To have a D&C just for the hell of it, to make sure your womb is barren? Why not just go the whole way and have a hysterectomy? Or if you don’t want a permanent barrenness, have your tubes tied – a reversible procedure. I have no objections to any of those because they prevent a child from being conceived in the first place, which is fine.

To deliberately create a “scorched-earth” womb to kill any child you conceive…. is wrong and unnecessary.

justincase on July 14, 2009 at 1:32 PM

The law is not appropriate, as employers should be able to fire employees that will not perform the essential functions according to appropriate standards of care.

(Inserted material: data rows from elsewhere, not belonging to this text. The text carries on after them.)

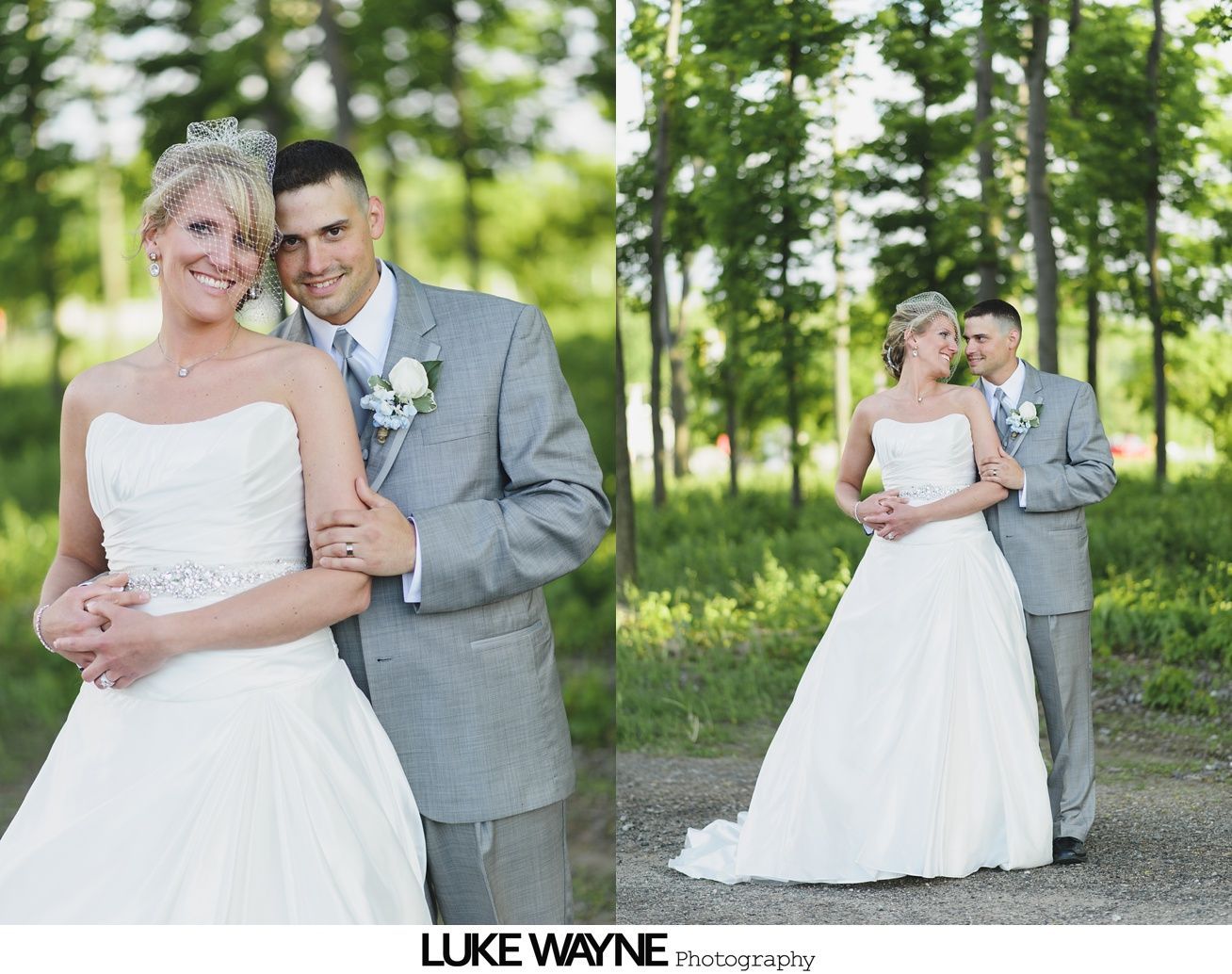 Wedding couple embraces outdoors, bride in white gown, groom in grey suit, smiling.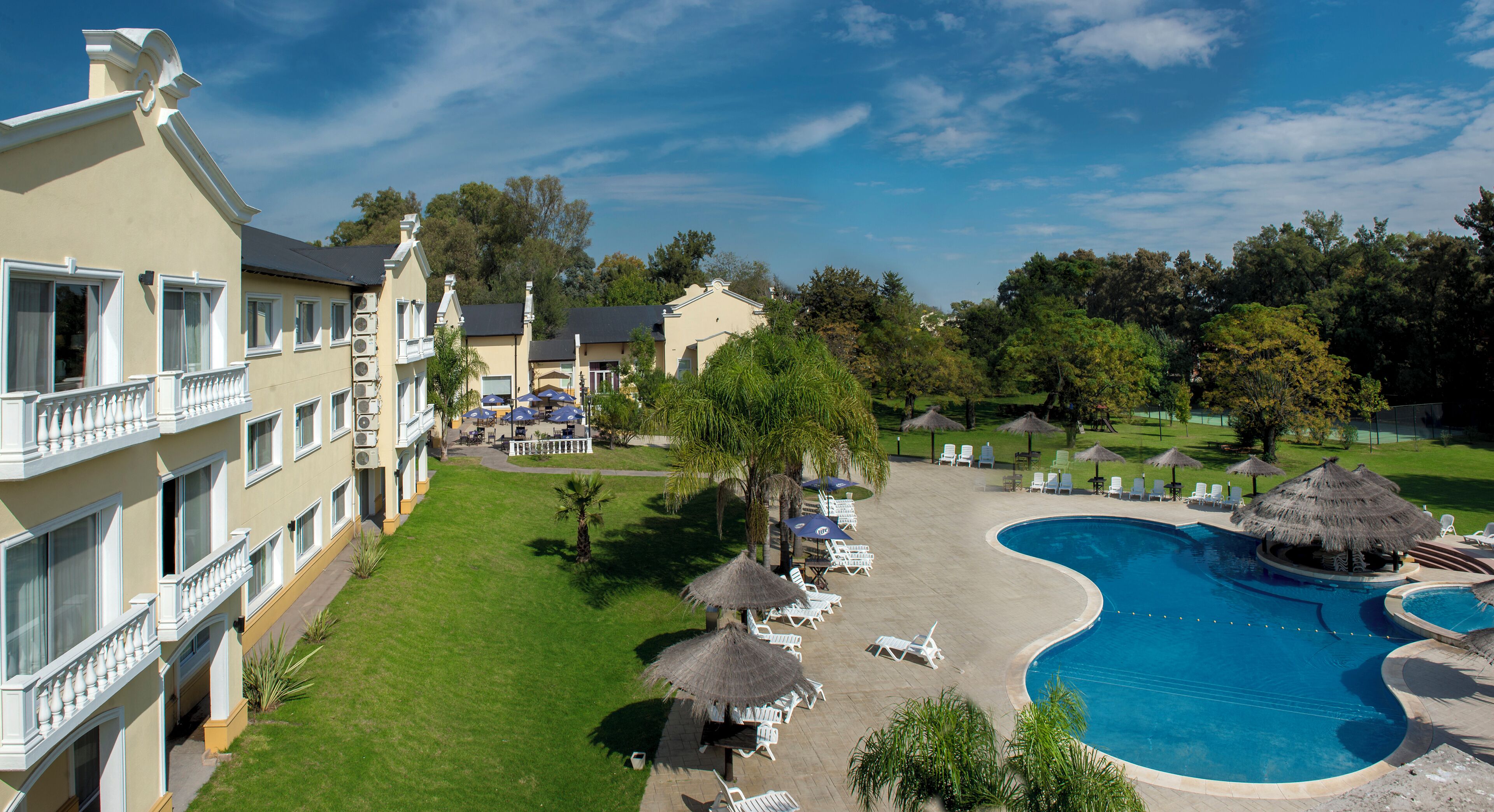 A hotel with a swimming pool, lounge chairs, and a well-maintained lawn.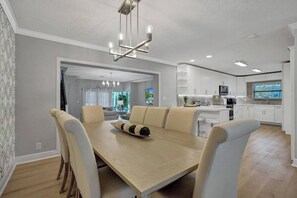 Una cocina moderna con armarios blancos, una isla central y un comedor con mesa y sillas de madera.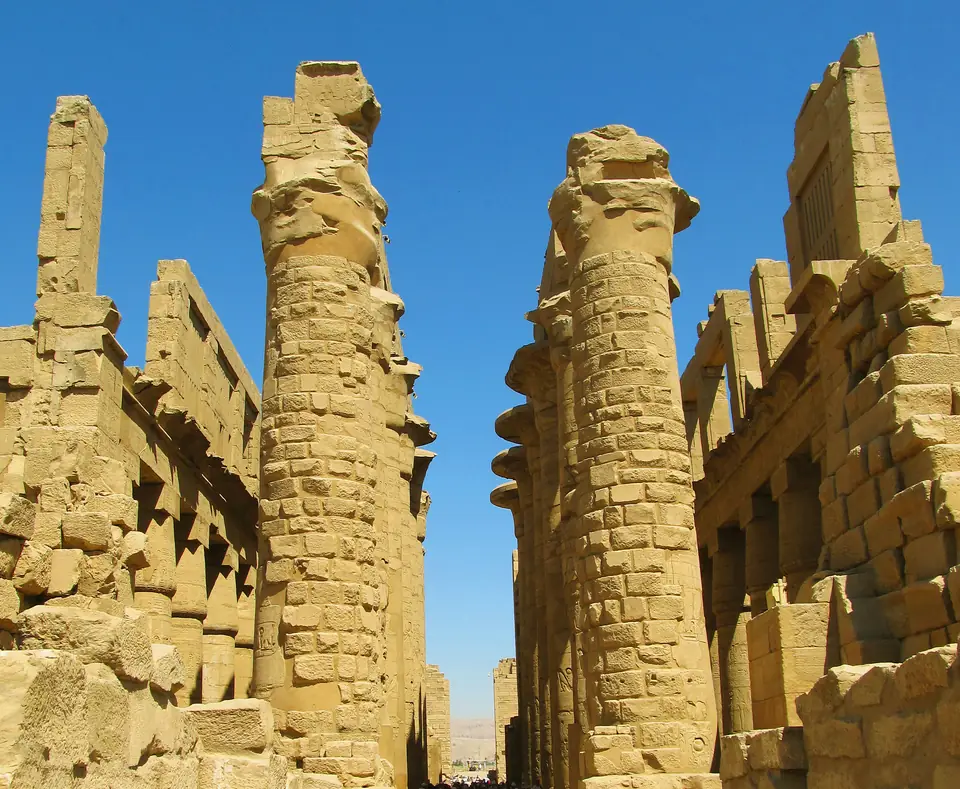 Massive carved stone columns crowded closely together in a roofless hall.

SarahW on July 14, 2009 at 11:44 AM

In this case, it was the employers who were sued for not wanting to carry Plan B or to dispense it. Certainly an employer should be able to have employees who follow the employer’s legal wishes, and should be able to terminate those who do not. That wasn’t the issue in this case — it was the morals/ethics of the employers — their freedom of conscience — which is being negated here.

This finding by the 9th negates state freedom of conscience statutes, since the court’s decision has a citizen’s right to Plan B abortifacient trumping state freedom of conscience statutes. It’s looking like it’s time for a federal law (or regulation) guaranteeing pharmacy owners a freedom of conscience exemption from having to fill such prescriptions, even as doctors were given a freedom of conscience exemption from having to write such prescriptions.